Not surprisingly, given his KPMG role as an audit partner, Milford was quickly assigned to work on the finance and audit committees.
“I've helped the US firm with classical accounting tasks like analyzing operational results, forecasting, budget planning and resource allocation. My experience working with clients across many different industries means I can also strategically assess stakeholder impacts and return on investment.”
This isn't Milford's only extra-curricular activity. He devotes time to other nonprofits, with positions on the executive committee of the Metro Atlanta Chamber of Commerce, the audit committee of Atlanta's Woodruff Arts Center, and United Way of Greater Atlanta, where he is chair of the finance committee. The latter is a hugely influential organization tackling complex community issues impacting the well-being of children, families and individuals.
Continuing his commitment to education, Milford serves as a director on the PhD Project, a charity committed to helping minority students attain doctorates. He's also recently completed his term on the board of the KPMG Foundation.
His impressive efforts have not gone unrecognized, with the Atlanta Business Chronicle naming him one of Atlanta's Most Admired CEOs of 2017.
“I believe business is about more than just profits and place a high priority on values and culture. As a partner and a family man, I think it's vital to be an active member of my community. Atlanta has given so much to me and I feel it's only right to try, in a small way, to give something back.”
The theme of family extends into his approach to volunteering and work, as he explains, “I'm a firm believer in getting my family involved in both my work and my outside interests. When they meet my colleagues and other families, it makes them realize how connected we all are.”
Over the years, Milford has encountered many challenges in his work with nonprofits, in particular the need to recognize the boundaries between non-executive and executives responsibilities.
“You must stay in your governance lane without imposing on the role of management - even if you think you know better. Our role is to guide and steer, not to `do'. I also stress the importance of continually re-evaluating the organizational mission as community needs evolve over time.”

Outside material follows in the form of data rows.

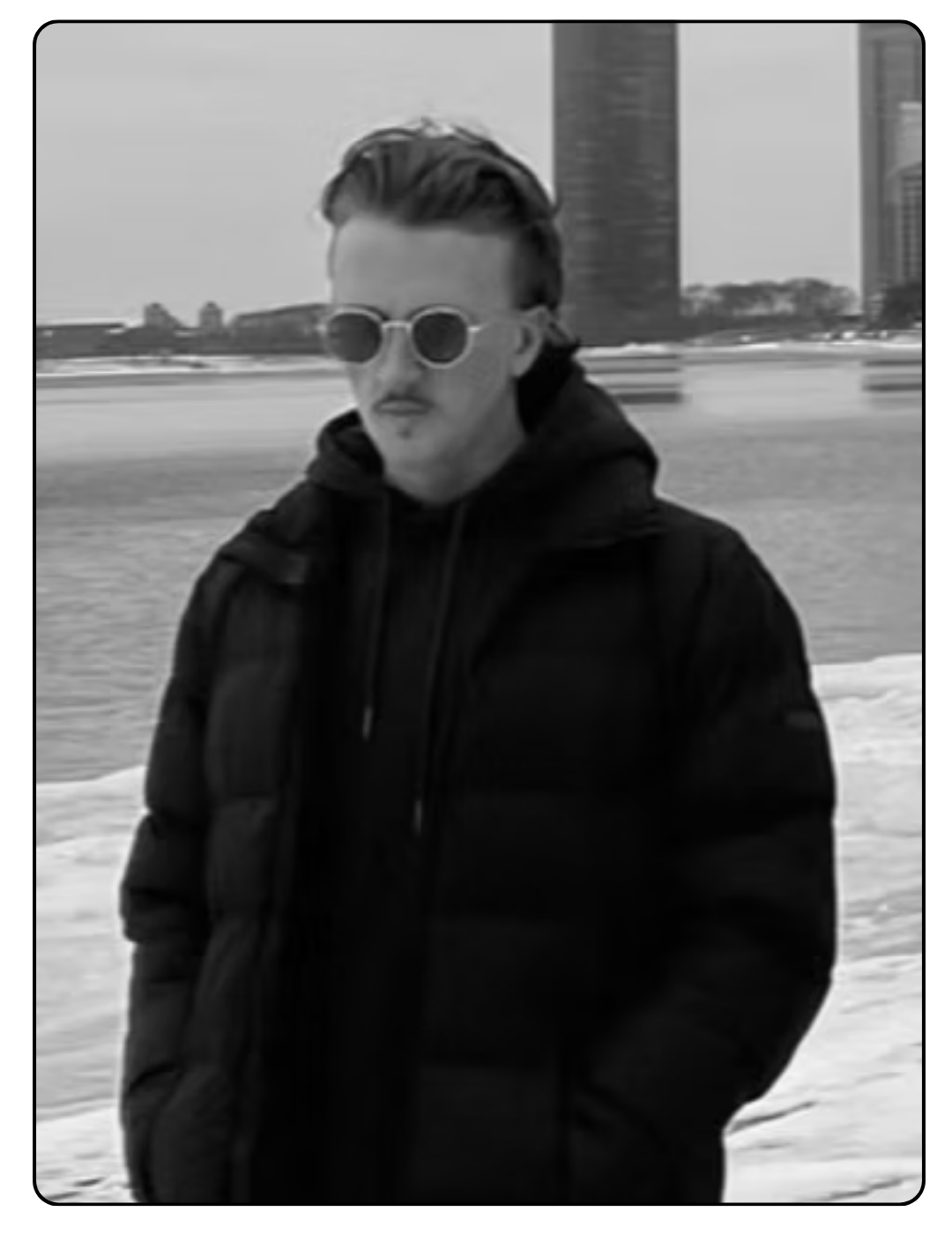A man standing outdoors in winter, wearing sunglasses, a dark puffy jacket, and a hoodie, with snow on the ground and city buildings in the background.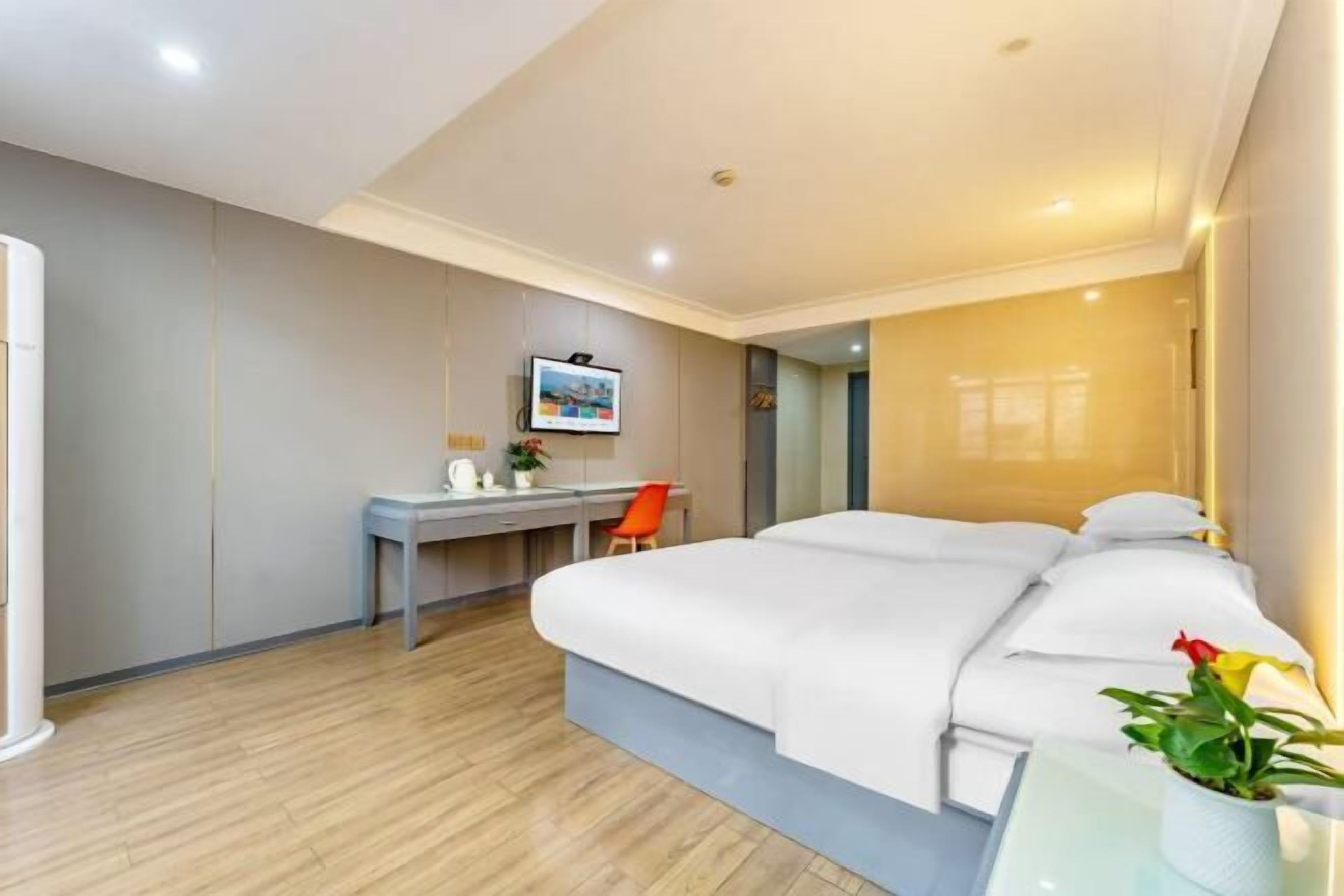 A modern hotel room with a bed, a desk, and a chair.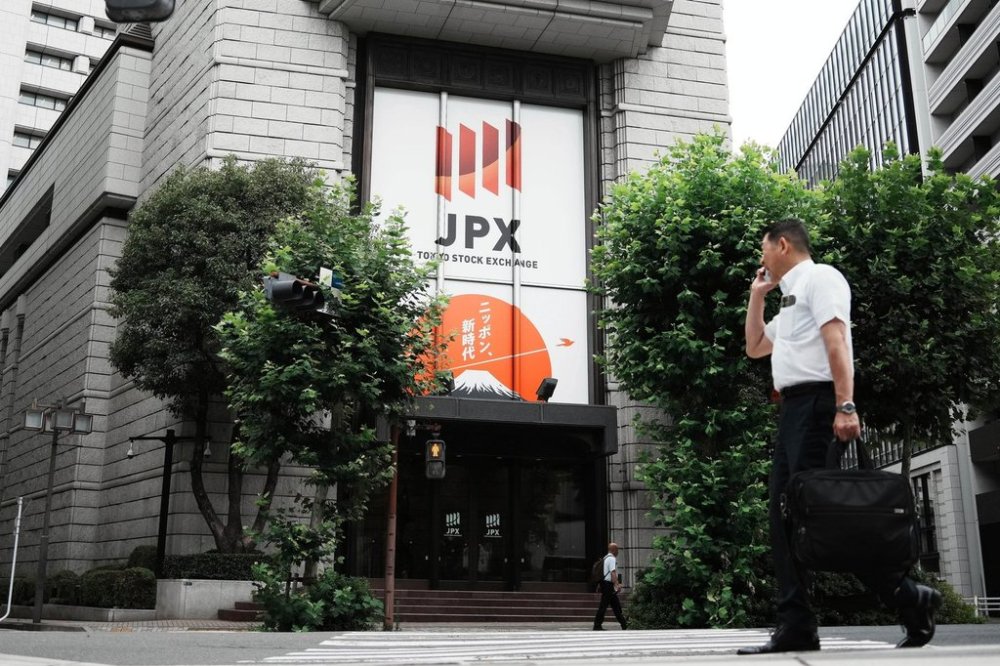 FILE - A person walks in front of Tokyo Stock Exchange building Friday, July 11, 2025, in Tokyo. (AP Photo/Eugene Hoshiko, File)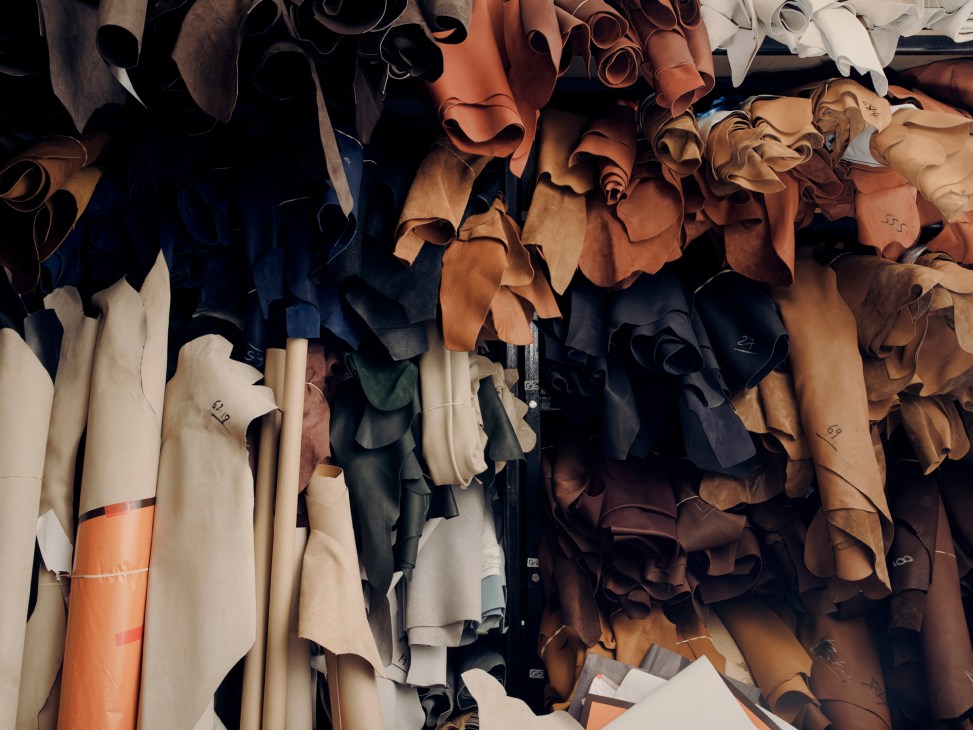 Collection of leather pieces in various colors and textures arranged together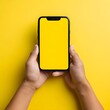© AliRaza - Mock-Up Empty Yellow Mobile Screen, Close-Up of Man Holding Smartphone with Blank Screen on Yellow Background,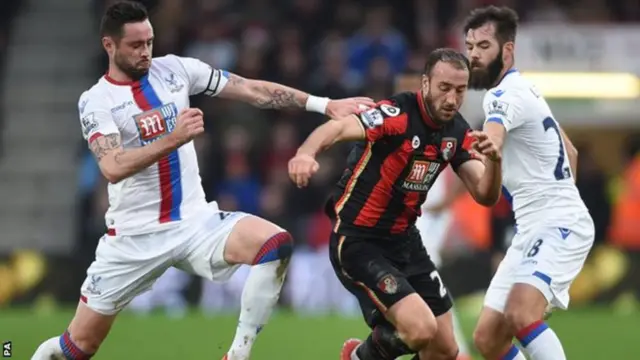 Glenn Murray is challenged by Damien Delaney and Joe Ledley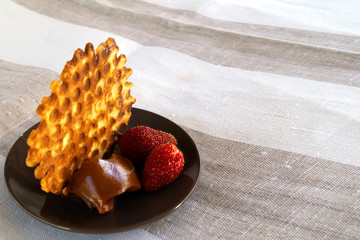A delicate biscuit made from a short-dipped homemade pastry with chocolate pasta and ripe strawberries on a round plate.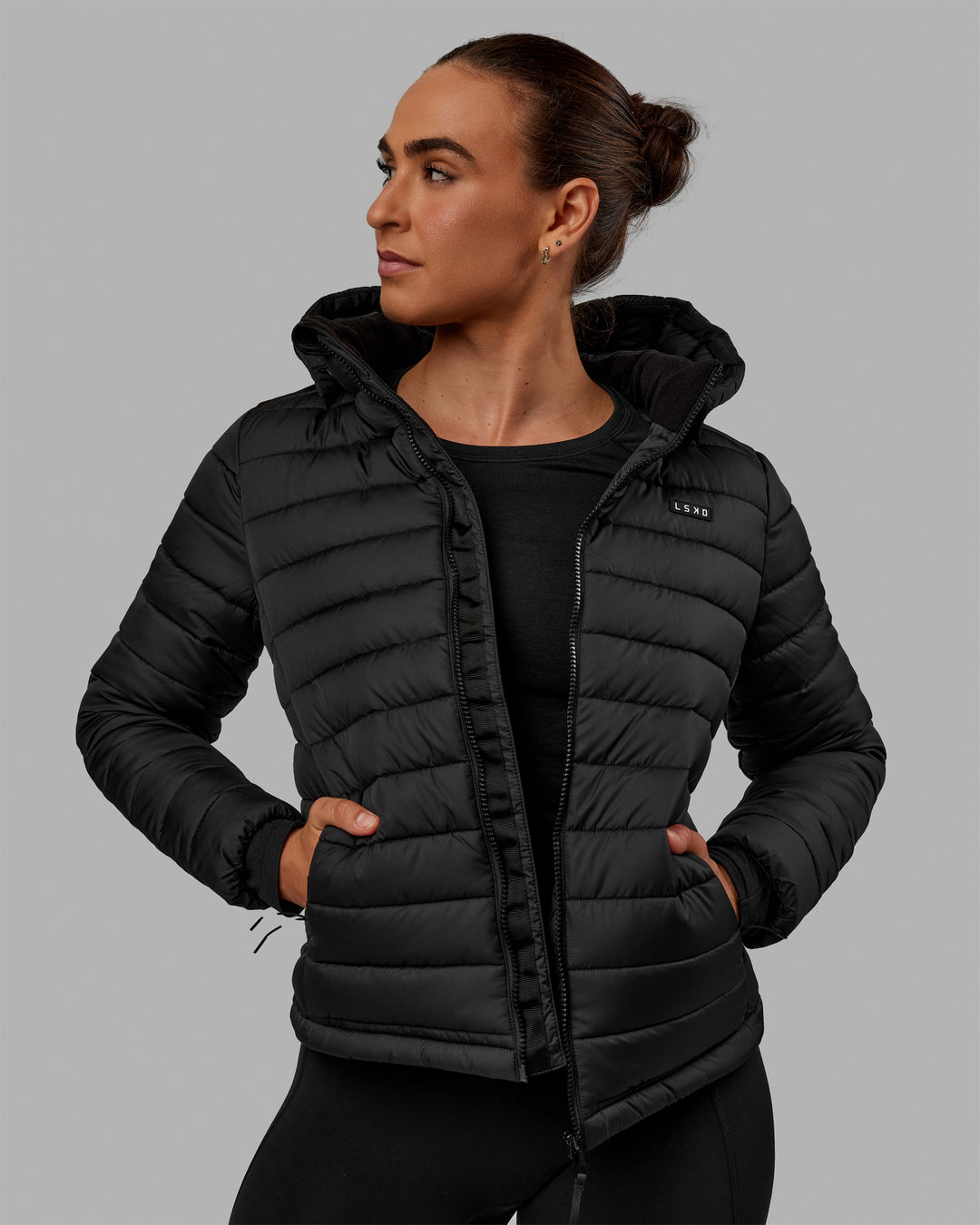 Woman wearing All-day Puffer Jacket - Black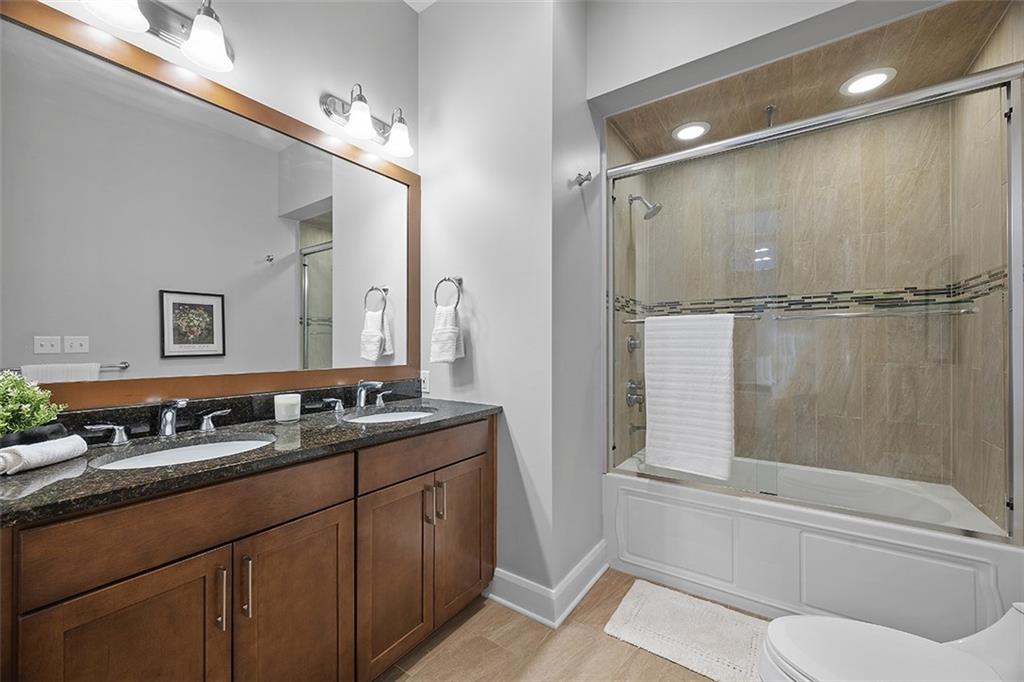 301 Fifth Avenue, Unit 506 Pittsburgh, PA 15222 - Photo 12 of 21 a bathroom with a granite countertop sink toilet and shower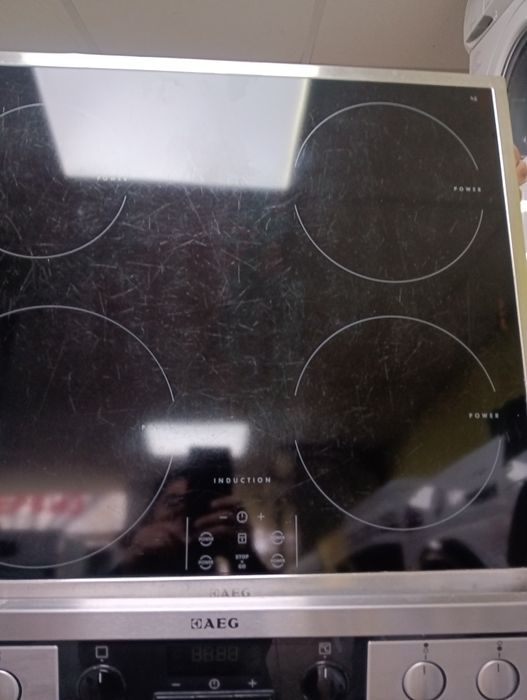 Иноксова печка за вграждане с индукционни котлони Аег Aeg  с Гаранция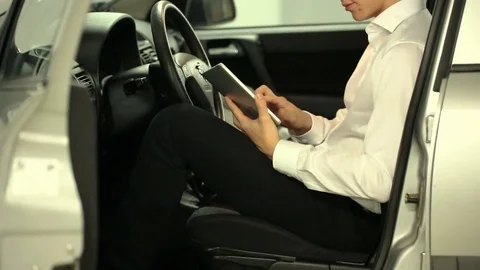 Elegant businessman browsing internet on tablet while sitting in the car Stock Footage 80397074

There's also the thorny issue of reputation in the wake of some high-profile examples of charities falling short of the high standards expected of them.
“We rely on the generosity of our donors, so transparency is a huge imperative. By acting ethically and being prudent with spending money efficiently and effectively, we can help maintain a pipeline for future funding.”
Ultimately, it all comes down to your heart. As Milford explains, “My advice to anyone considering joining a board is to find a cause that you're truly passionate about and immerse yourself in the mission. Think about what you can bring - which is probably more than you realize - and be prepared to contribute your time and talents to making a difference in your community.”